Une vingtaine de minutes d'un discours où les commentateurs soulignent déjà la cruauté prétentieuse: « J'ai vu de l'intérieur la vacuité de notre système politique ». L'homme se présente comme le candidat anti-système. Marine Le Pen n'est plus seule. Posture imposture et stratégie Trumpienne, qu'à cela ne tienne. EM est EM. Emmanuel Macron est En Marche. Prétend réconcilier la gauche et l'entreprise. Libérer l'énergie. Vise un prisme le plus large possible. Au-delà de la gauche et de la droite. Stratégie casse-gueule ou très adroite. Sans être trop à droite.
« Bien sûr, on ne se réveille pas un matin avec cette révélation, la décision de me présenter aux plus hautes charges de la République est le fruit d'une conviction intime et profonde, d'un sens de l'histoire et d'une conscience aiguë des temps qui sont les nôtres », a également déclaré le candidat à la Présidentielle, ajoutant : « Je veux faire entrer la France dans le 21e siècle, je veux que mon pays redresse la tête et pour cela retrouver le fil de notre histoire millénaire ».

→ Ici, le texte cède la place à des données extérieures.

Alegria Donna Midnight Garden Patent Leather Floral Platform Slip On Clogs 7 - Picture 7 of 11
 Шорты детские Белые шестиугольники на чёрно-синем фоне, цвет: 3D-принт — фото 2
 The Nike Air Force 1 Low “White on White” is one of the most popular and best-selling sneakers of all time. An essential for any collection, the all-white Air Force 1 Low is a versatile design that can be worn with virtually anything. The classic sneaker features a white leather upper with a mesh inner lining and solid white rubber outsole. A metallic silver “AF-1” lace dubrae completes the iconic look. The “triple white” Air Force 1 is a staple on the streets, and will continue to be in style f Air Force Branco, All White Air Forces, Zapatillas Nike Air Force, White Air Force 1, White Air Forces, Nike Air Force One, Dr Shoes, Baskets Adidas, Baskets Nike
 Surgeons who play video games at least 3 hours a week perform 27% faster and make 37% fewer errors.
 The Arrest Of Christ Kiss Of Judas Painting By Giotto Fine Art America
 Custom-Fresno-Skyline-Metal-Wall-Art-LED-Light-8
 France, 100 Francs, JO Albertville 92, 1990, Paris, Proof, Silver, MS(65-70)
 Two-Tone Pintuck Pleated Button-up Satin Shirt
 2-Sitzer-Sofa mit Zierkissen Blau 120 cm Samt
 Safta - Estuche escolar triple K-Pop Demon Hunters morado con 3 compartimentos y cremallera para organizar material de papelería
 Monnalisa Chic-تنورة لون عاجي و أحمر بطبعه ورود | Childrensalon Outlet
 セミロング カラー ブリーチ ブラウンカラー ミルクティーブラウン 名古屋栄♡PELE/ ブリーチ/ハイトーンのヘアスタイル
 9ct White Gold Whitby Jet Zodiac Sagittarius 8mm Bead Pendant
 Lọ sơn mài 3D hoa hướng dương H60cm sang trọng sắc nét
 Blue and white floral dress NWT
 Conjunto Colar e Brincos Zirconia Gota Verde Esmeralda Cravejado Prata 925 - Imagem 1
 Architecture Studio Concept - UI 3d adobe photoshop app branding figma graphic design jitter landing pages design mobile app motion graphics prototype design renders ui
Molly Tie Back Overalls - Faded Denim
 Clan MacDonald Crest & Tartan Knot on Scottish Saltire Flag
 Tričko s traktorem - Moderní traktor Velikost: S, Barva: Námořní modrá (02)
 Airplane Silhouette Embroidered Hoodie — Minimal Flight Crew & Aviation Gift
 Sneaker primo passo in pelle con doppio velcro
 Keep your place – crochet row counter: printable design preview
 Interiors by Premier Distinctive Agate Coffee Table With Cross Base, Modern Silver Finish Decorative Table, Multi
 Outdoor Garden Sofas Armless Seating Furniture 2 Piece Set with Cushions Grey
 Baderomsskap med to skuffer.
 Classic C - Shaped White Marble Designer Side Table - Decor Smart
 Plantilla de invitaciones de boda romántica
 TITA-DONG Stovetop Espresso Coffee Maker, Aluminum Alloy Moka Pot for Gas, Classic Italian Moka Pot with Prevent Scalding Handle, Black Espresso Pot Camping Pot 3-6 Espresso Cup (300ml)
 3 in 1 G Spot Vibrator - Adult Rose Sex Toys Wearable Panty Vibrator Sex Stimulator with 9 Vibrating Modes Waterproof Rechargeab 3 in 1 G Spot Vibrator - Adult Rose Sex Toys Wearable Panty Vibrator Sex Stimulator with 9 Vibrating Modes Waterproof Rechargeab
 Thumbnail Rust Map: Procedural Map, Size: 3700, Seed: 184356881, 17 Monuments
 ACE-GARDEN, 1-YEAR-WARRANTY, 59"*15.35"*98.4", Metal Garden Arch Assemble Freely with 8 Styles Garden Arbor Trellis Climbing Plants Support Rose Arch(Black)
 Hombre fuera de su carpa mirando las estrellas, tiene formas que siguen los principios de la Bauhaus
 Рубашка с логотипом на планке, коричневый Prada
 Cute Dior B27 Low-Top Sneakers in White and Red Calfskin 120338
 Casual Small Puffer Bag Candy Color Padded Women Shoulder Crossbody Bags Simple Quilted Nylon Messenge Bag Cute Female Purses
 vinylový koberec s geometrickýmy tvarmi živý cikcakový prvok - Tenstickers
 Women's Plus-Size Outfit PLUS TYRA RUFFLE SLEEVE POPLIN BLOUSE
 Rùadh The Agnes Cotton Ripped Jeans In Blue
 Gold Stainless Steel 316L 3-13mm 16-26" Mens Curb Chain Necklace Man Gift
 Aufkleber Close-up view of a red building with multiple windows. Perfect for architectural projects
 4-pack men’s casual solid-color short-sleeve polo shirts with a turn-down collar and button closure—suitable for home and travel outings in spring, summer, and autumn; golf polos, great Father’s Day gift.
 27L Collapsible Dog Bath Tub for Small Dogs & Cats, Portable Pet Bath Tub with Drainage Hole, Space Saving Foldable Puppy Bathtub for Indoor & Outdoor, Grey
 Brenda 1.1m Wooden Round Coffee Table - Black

« Il y a dans le processus démocratique et dans son fonctionnement un absent. Dans la politique française, cet absent est la figure du roi, dont je pense fondamentalement que le peuple français n'a pas voulu la mort. La Terreur a creusé un vide émotionnel, imaginaire, collectif : le roi n'est plus là ! »
Certains médias ont rappelé que cette position prétendument royaliste faisait référence à la notion de monarque républicain. Après avoir démissionné du gouvernement, il indique avoir pour modèles le général de Gaulle et François Mitterrand, qui avaient selon lui « une capacité à éclairer, une capacité à savoir, une capacité à énoncer un sens et une direction ancrées dans l’histoire du peuple français ». Emmanuel Macron ajoute qu'il ne croit pas au « président normal », image sur laquelle François Hollande avait fait campagne, qu'il identifie à « une présidence de l’anecdote, de l’événement et de la réaction » qui banalise la fonction.
Le Banquier qui rêve d'être Roi n'a même pas le sentiment d'être Brutus. Pas un mot pour celui qui l'a fait Ministre de l'Economie. Hollande appréciera. Il sait ce qu'il me doit. Pas si sûr, mon p'tit François.